The landscape for custodians has changed significantly

Pension schemes take a highly sophisticated approach to managing their assets. Their approach to managing their advisers and service providers has become more sophisticated, too, but there is more that can be done.

Custodians, for example, provide a fundamental service to pension schemes, but how can a scheme be certain it is not overpaying? Is it always a level playing field? How can trustees get certainty that they are getting the best possible service at the best possible price? Let’s find out.

The evolution of the industry

Over the years, we’ve witnessed custodians shift away from traditional core and value-added services towards a more sophisticated approach of managing risk, knowledge provision and data management. Where once the role of the custodian was viewed as simply a “processor”, an increasing number of pension schemes now view the relationship with their custodians as a strategic partnership.

This is good news for the long-term relationship and trust between the custodian and the pension scheme, but, as with any relationship, communication and transparency are key, especially as we experience a greater focus towards governance and best practice in the industry.

The landscape for custodians, meanwhile, has changed significantly. They have felt the impact of falling revenues from “traditional” business lines, such as safekeeping of assets, foreign exchange, and net interest income. They’ve also invested heavily in modern systems (ESG, TCFD, for example), making them better equipped to serve their clients.

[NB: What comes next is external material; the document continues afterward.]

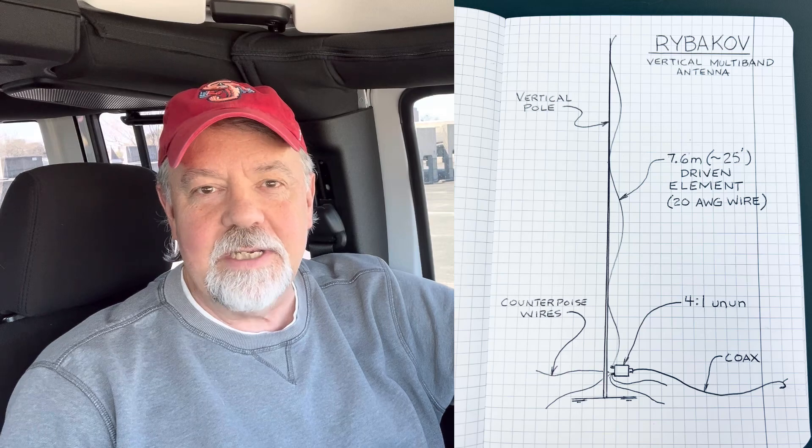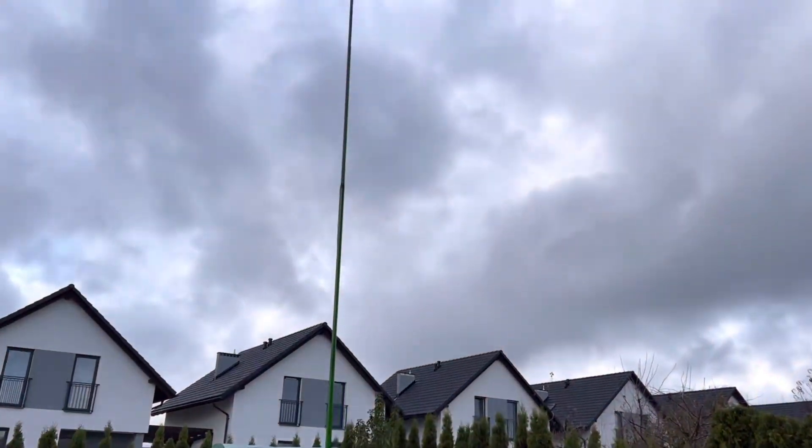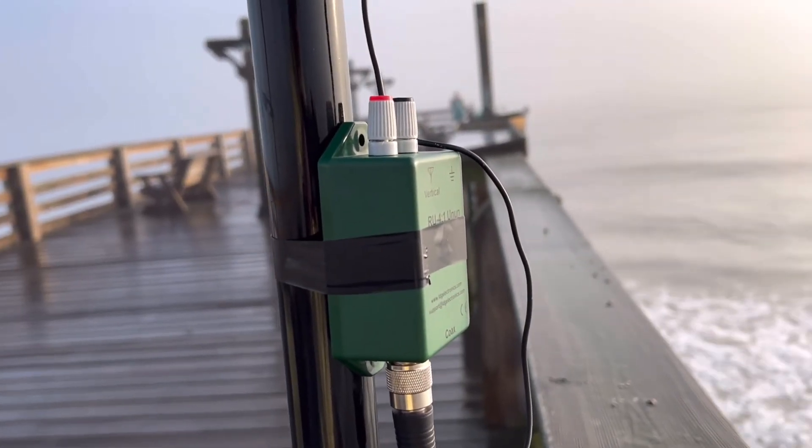So I thought, why don't I put up an antenna at the top of a parking garage that truly relies on a ground plane? And I can't think of a better antenna than the Rivikov antenna. It's basically just a 25-foot random wire with a four-to-one un-un and a ground plane underneath it. I built one in Poland, in the backyard, and worked amazing DX — long path to Australia from Poland. I've also built it over saltwater at the beach and on a fishing pier.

While it is reasonable for custodians to expect fair compensation for the services they provide, it is difficult to know how much profit is fair. Are some pension funds contributing more to these profits than their peers? Spoiler: they are.

Regular check-ins

If a pension scheme does not carry out regular analysis of its fee schedule – and a lot don’t – it cannot know whether it is paying a competitive rate. There may be savings available. That is why accurate and detailed analysis of custodian fees in the industry is so important.

By that, we mean accessing a fully comprehensive range of real-time data, allowing the pension scheme and the custodian to engage in regular conversations over the costs of the services provided, agreeing where changes need to be made in order for the partnership to progress, in the long-term.

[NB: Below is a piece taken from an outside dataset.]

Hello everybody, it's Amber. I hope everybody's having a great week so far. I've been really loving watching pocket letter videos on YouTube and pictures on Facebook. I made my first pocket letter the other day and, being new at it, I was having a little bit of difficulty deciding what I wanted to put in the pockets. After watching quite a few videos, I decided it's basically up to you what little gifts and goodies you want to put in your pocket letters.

The following graphic provides an illustration of the range of costs that UK pension funds can be exposed to for the same area of service, in this case safekeeping charges in a number of major markets.

MJ Hudson viewpoint pic

Within the above chart (based on current custodian pricing principles), the spread of costs of safekeeping of assets in Market A ranges from a low of 0.05bps to a high of 0.97bps. What this means is that a pension fund paying 0.97bps is paying far more than a pension fund paying 0.05bps, for exactly the same service. We have seen recent instances where pension schemes have been able to realise a reduction in their safekeeping costs of around 25% per annum, simply by addressing over-charging in a couple of markets. Imagine the savings if this were rolled out across each of the pension fund’s investment markets…

If we extrapolate those results across the numerous charges included in a typical custody rate card (such as transaction costs, derivative charges, and reporting fees), it is easy to understand just how complex a task it is to ensure that your current fee arrangements are market competitive.

Why are fee reviews important?

Increasingly, we’re seeing pension schemes come to us with transparency as their highest priority issue – not just in the UK, but across Europe and North America also.

Clients are aware that better transparency around custody rates and processes represents improved governance on behalf of their members. Delivering value for the pension scheme members is a key responsibility of a trustee board and undertaking a regular review of custody fees allows trustees to prove that they have a process for achieving this.

Tom Robertson, managing director, custodian bank benchmarking, at MJ Hudson, leads the firm’s custodian bank benchmarking activities across the UK & Europe.
In addition to his managerial responsibility, he also consults with several key strategic clients across the UK and Europe on all aspects of their relationship with their chosen TPA.

The good news is that the value of a pension fund’s relationship with a custodian can be far better assessed these days, as we have access to a much larger range of data points than ever before. When you have such a vast range of data points at your fingertips, you can build the most comprehensive picture so that like-sized schemes can compare themselves with peers in order to find the best cost-efficient rates.

Data gathering

The custody business is changing how it operates, and its responsibility towards pension schemes and the efficiency with which it functions will need to change, too. The direction of the industry is only moving one way – towards greater transparency.

As pension schemes demand clarity, as standard, custodians will need to demonstrate their commitment to the cause. Increased transparency over the cost-efficiency of a custodian’s offering is in the best interests of the pension scheme and its members – and, as we anticipate an industry move towards the sharing and highlighting of competitor costs, it will be in the best interests of the custodian in its long-term relationship with its clients also.